Okay. I don't think I have permissions on that repo. But at a minimum we would need to build more infrastructure for YJIT to make that true. So with current YJIT as it exists, I'm pretty certain that's true.

@jhawthorn
Copy link
Member

jhawthorn commented Jul 18, 2022

benchmark attached, but again, I am in favour of this change.

I also don't think YJIT needs extra infrastructure for that to be true, because Ruby does not special case rb_cString for concatenation (just T_STRING). Even if it did (it doesn't) we are going to want it because ActiveSupport::SafeBuffer is public and a string subclass.

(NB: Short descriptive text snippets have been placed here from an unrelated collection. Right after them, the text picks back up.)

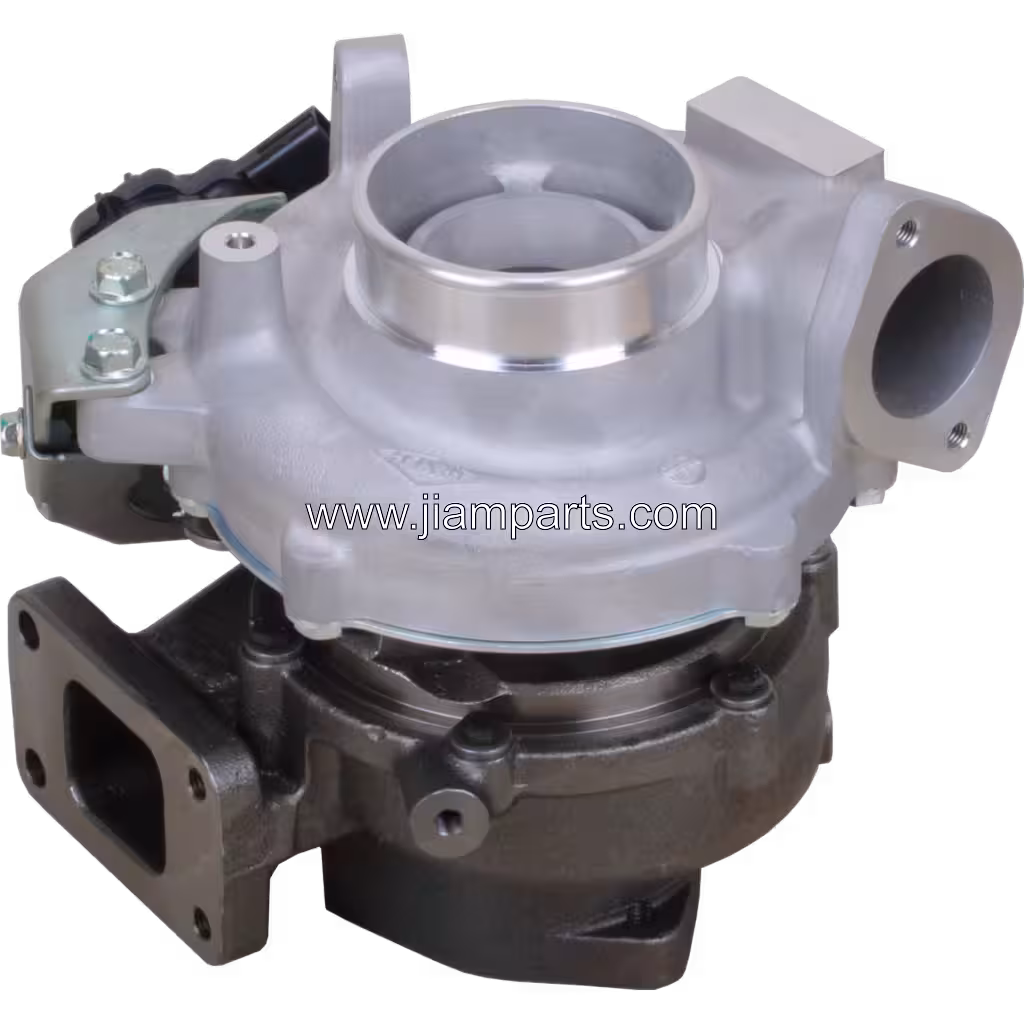 852179-5001S GT2263KLNV GT22V TURBOCHARGER FOR HINO FC EURO 4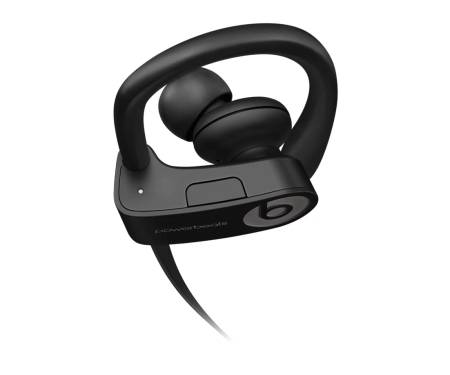 Beats by Dr. Dre Powerbeats3 Wireless Black (ML8V2)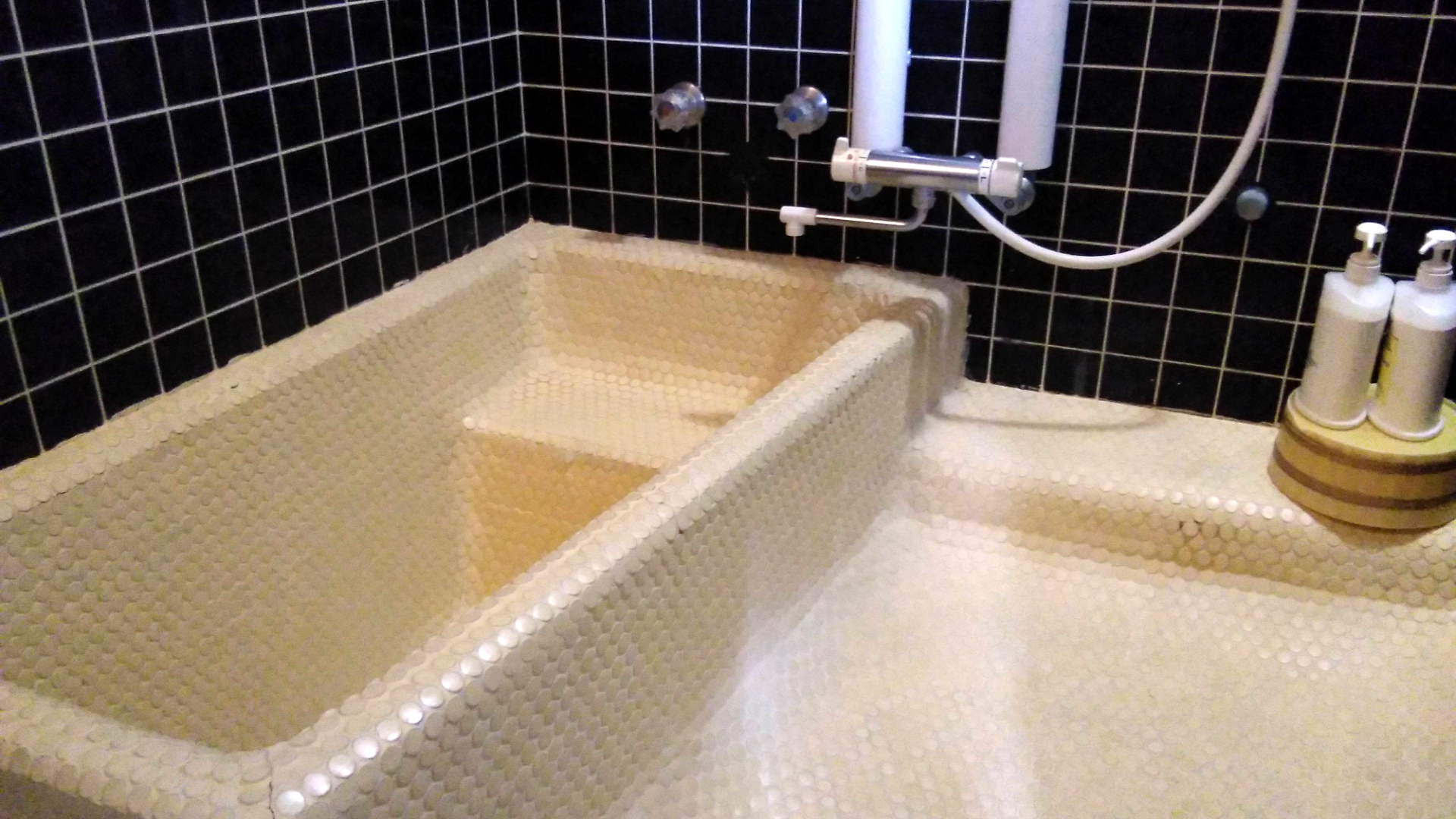 Kaike Onsen Mitsui Annex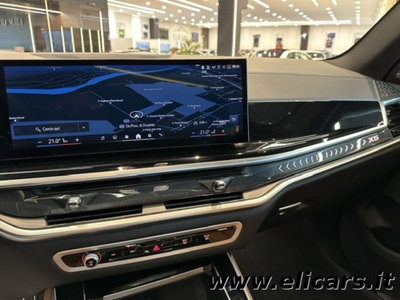 BMW X5 xDrive30d 48V Msport (17)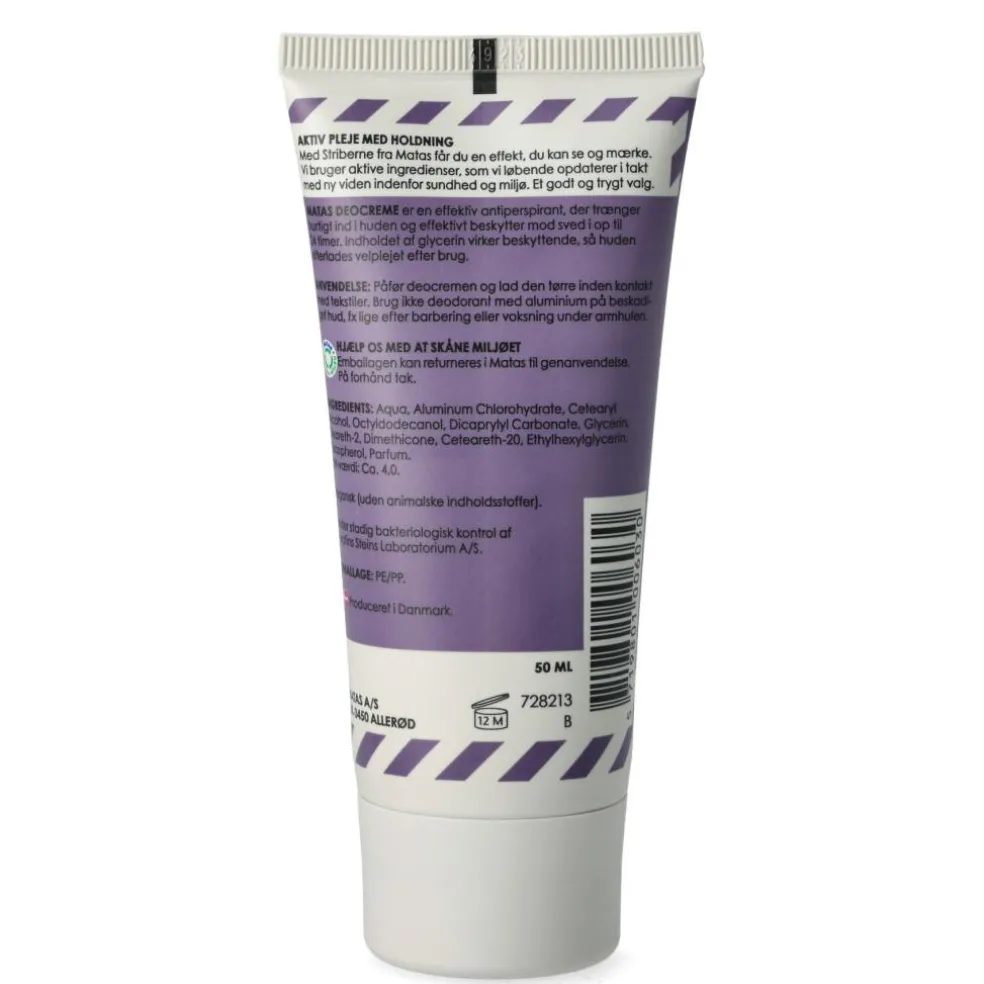 Deocreme
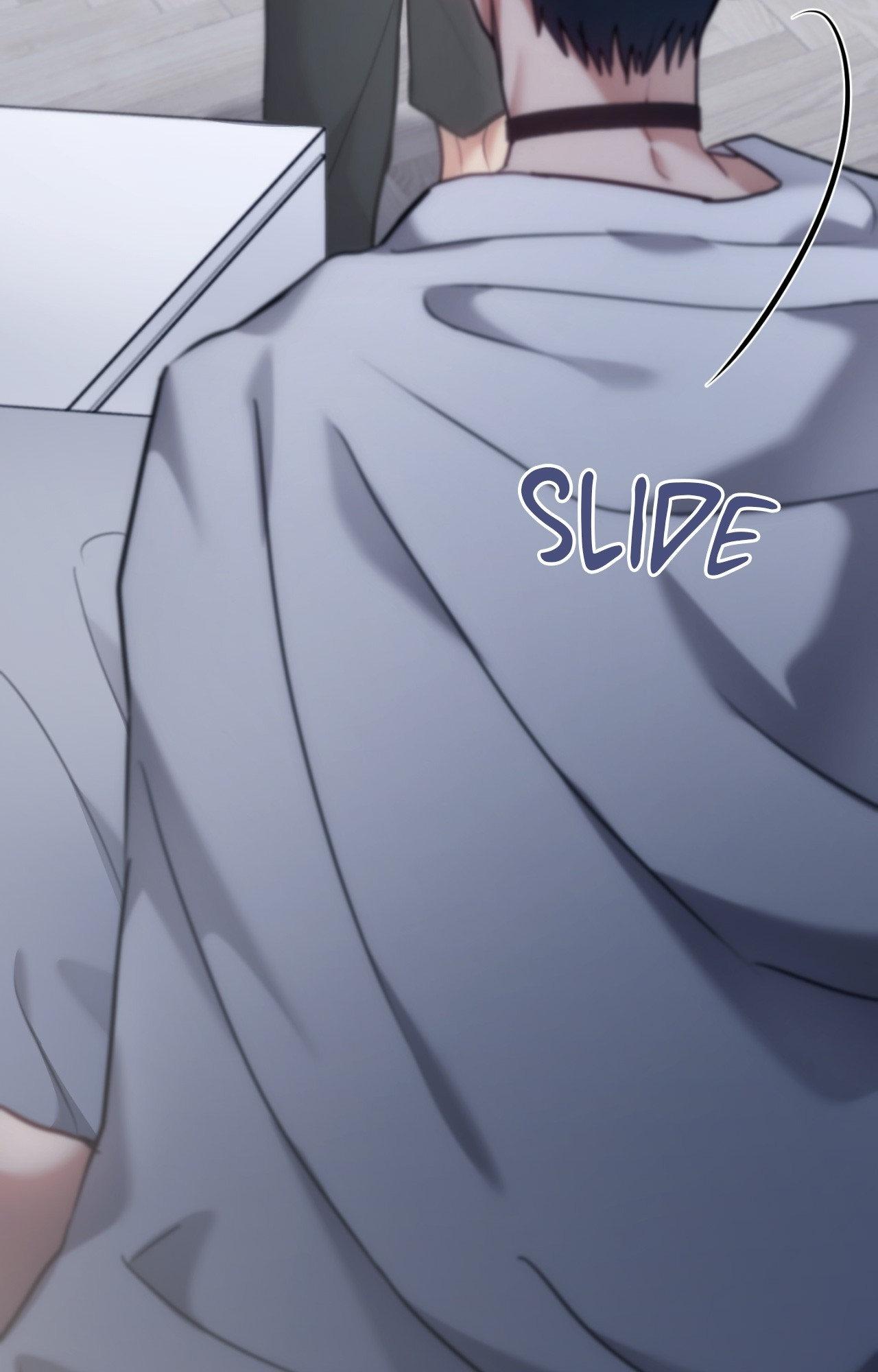 Read His Perfect Guide chapter 36 image 109 on Lezhin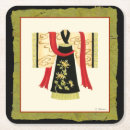 Search for traditional coasters Asian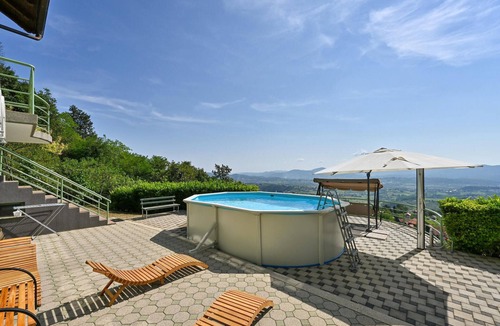 Novi Marof House | Stunning home in Madzarevo with sauna
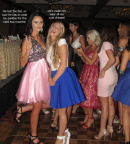 Satin Panty Encouragement9603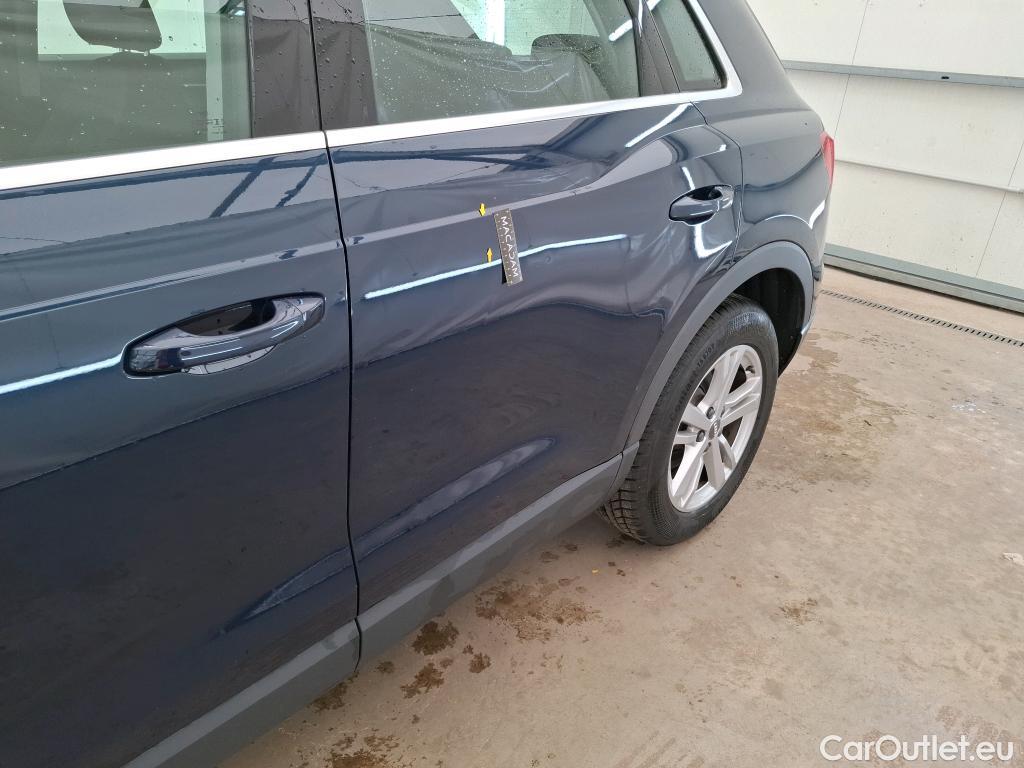  Audi  Q3  35 TDI Business Line 2.0 TDI 150CV BVA7 E6dT #1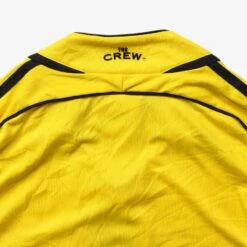 Columbus Crew Football Shirt -Vintages Shop IMG 1052 cut 4fba6a70 baf4 478b 9c8d 1227f2422a77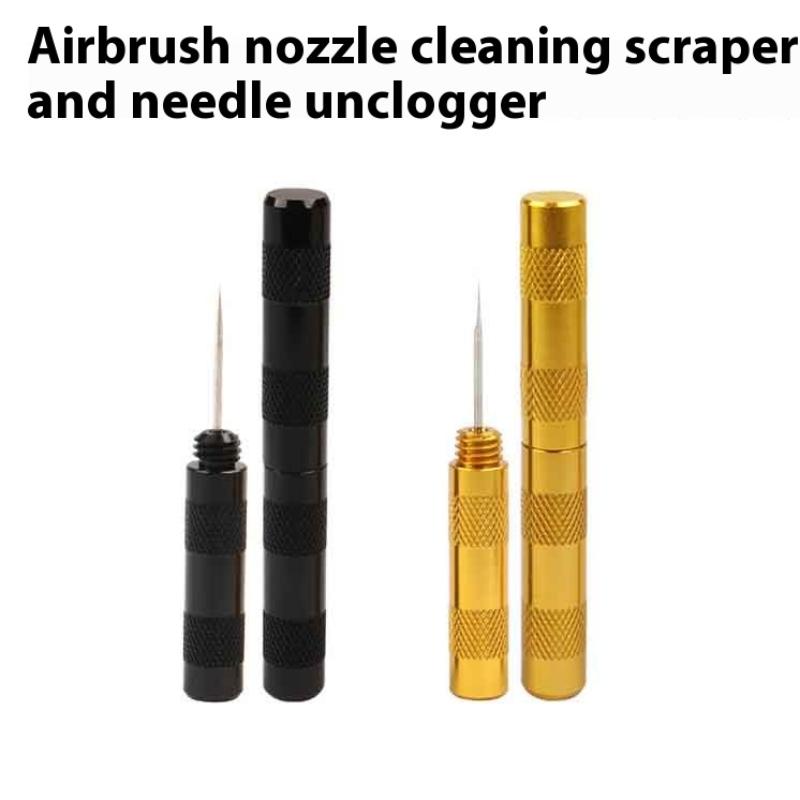 Leatherwork Needles - Mini Deri Dikiş Awl'ı (İğnesi) Aleti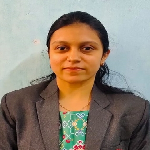 Ms. Gujrathi Sonam Mahendra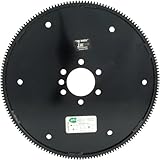 J.W. Performance Transmissions 93005 168 Tooth Flywheel for Chevy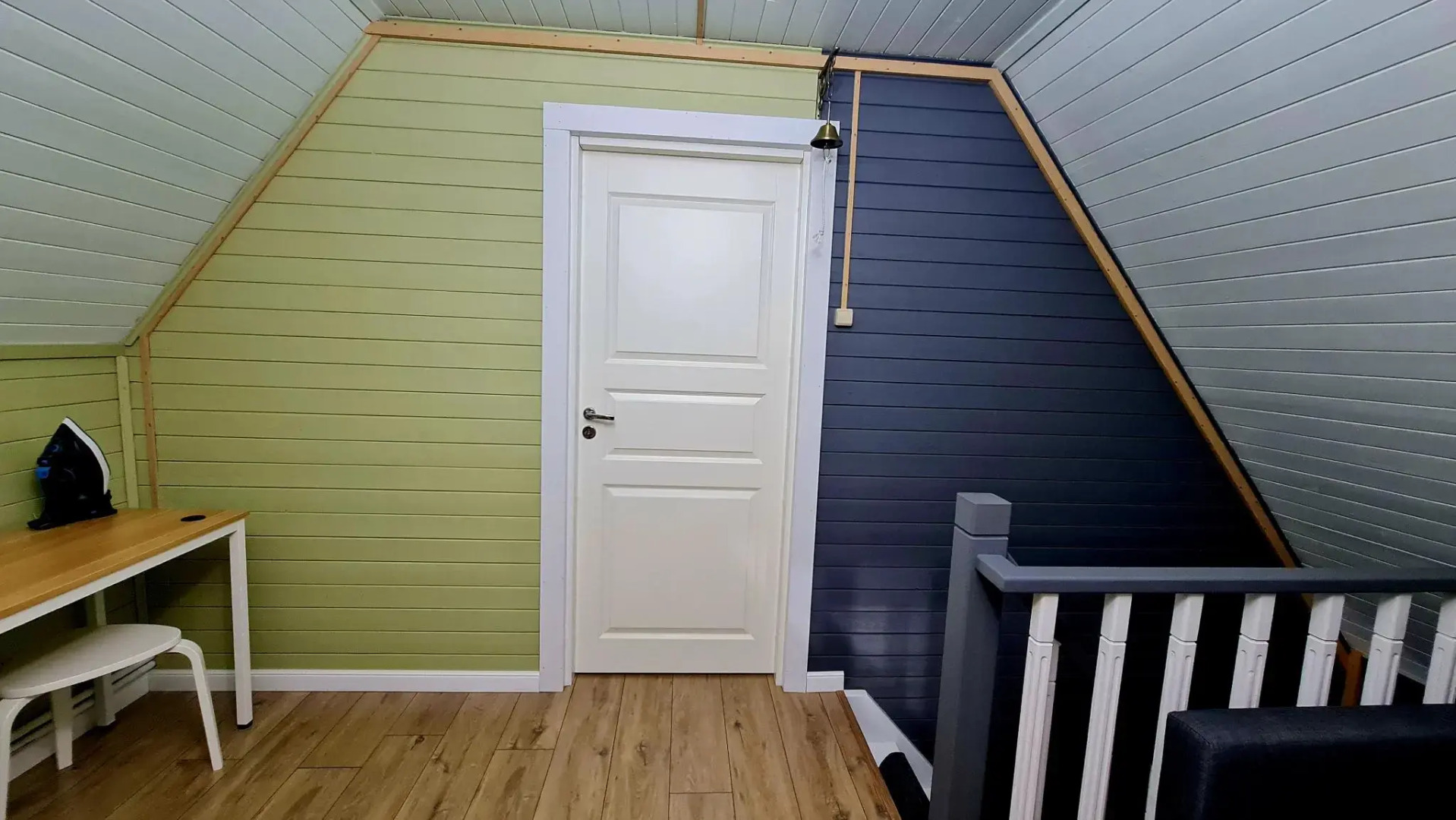 Коттедж в ДНТ Васильки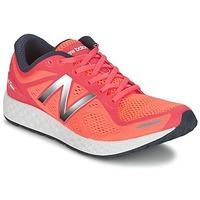 New Balance ZANTE women\'s Running Trainers in orange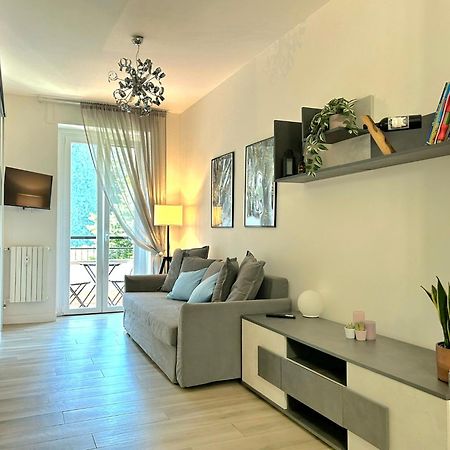 Modern Apartments Mm3 Afforifn Only 15 Min From Duomo Milan Luaran gambar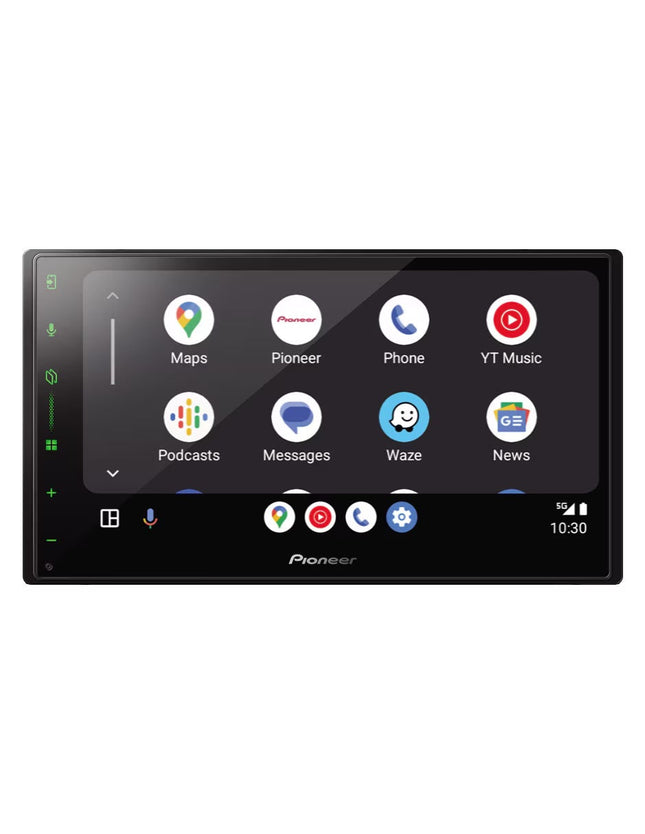 Pantalla Digital Pioneer DMH-A5650BT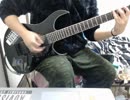 Cockroach / the gazette【弾いてみた】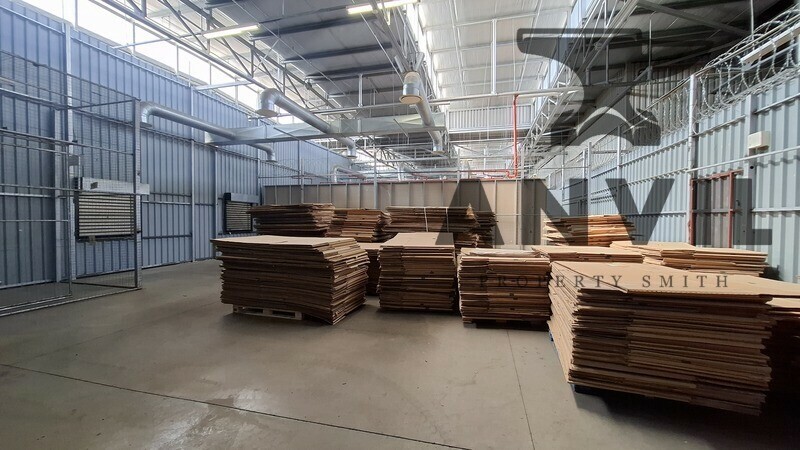 2 Vlak St Warehouse - Entire Warehouse For Sale property image 9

Let's continue the YJIT part of this discussion elsewhere because I think this is a good change anyways.

@casperisfine
Copy link
Contributor Author

@jhawthorn this is the optimization I'm talking about: https://github.com/ruby/ruby/blob/85ea46730deff70172a9f50172f0011a7401f371/vm_insnhelper.c#L5374-L5380

static VALUE
vm_opt_ltlt(VALUE recv, VALUE obj)
{
    if (SPECIAL_CONST_P(recv)) {
	return Qundef;
    }
    else if (RBASIC_CLASS(recv) == rb_cString &&
	     BASIC_OP_UNREDEFINED_P(BOP_LTLT, STRING_REDEFINED_OP_FLAG)) {
	if (LIKELY(RB_TYPE_P(obj, T_STRING))) {
	    return rb_str_buf_append(recv, obj);
	} else {
	    return rb_str_concat(recv, obj);
	}
    }
    else if (RBASIC_CLASS(recv) == rb_cArray &&
	     BASIC_OP_UNREDEFINED_P(BOP_LTLT, ARRAY_REDEFINED_OP_FLAG)) {
	return rb_ary_push(recv, obj);
    }
    else {
	return Qundef;
    }
}

String subclasses are explictly excluded, and it's particularly true for SafeBuffer as << is redefined.

@casperisfine
Copy link
Contributor Author

Probably worth adding an initialize_copy

Good catch.

MRI has a lot of optimizations for string concatenation that
are only available when concatenating into a `String` instance.

Using a `String` subclass disable these optimizations.

The difference is even more important with YJIT.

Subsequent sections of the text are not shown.